## The data
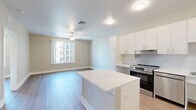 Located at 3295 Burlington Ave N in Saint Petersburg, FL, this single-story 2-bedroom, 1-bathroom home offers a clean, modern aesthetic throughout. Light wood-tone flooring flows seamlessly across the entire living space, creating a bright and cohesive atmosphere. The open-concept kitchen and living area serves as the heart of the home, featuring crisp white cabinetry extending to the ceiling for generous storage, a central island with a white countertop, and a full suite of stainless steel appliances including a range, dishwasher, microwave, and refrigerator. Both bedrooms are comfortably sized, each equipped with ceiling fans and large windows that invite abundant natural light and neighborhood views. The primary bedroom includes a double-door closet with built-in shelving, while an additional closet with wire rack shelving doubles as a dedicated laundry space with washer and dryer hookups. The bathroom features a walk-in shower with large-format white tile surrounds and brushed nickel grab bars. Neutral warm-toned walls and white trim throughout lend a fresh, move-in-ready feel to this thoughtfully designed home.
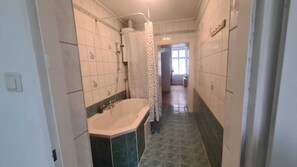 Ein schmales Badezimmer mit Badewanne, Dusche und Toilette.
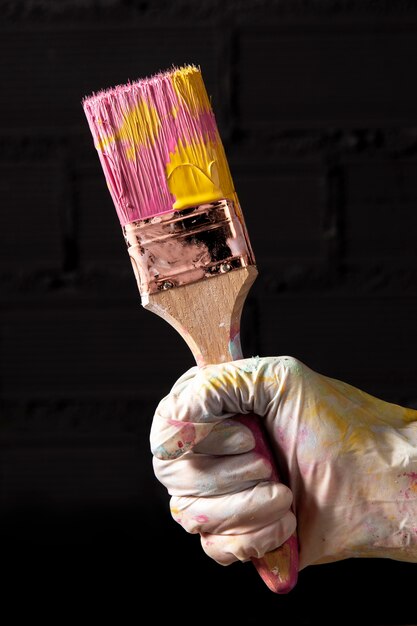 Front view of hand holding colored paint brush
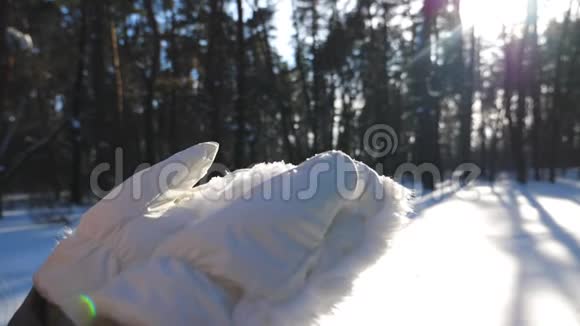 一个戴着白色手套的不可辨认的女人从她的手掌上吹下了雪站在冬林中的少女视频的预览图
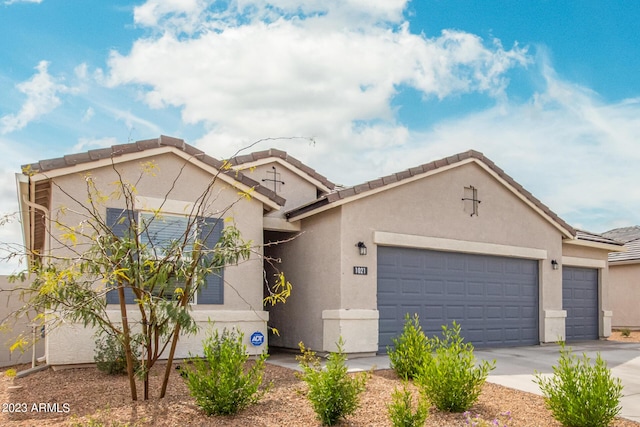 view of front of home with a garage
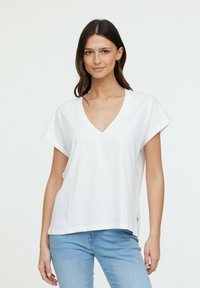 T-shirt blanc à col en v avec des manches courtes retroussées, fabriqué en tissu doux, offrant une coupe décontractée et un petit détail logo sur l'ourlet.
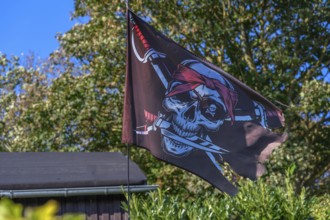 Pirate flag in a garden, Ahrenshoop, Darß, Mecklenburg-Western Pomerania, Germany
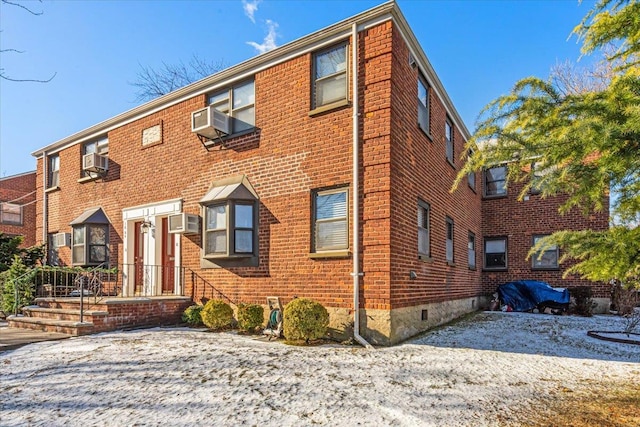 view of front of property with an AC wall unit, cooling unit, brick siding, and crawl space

## Task prompt
The answer must consist solely of the lines from the line containing "Ein schmales Badezimmer" to the end of the data, reproduced exactly, with every picture left out.

## Response to the task
 Ein schmales Badezimmer mit Badewanne, Dusche und Toilette.
 Front view of hand holding colored paint brush
 一个戴着白色手套的不可辨认的女人从她的手掌上吹下了雪站在冬林中的少女视频的预览图
 view of front of home with a garage
 T-shirt blanc à col en v avec des manches courtes retroussées, fabriqué en tissu doux, offrant une coupe décontractée et un petit détail logo sur l'ourlet.
 Pirate flag in a garden, Ahrenshoop, Darß, Mecklenburg-Western Pomerania, Germany
 view of front of property with an AC wall unit, cooling unit, brick siding, and crawl space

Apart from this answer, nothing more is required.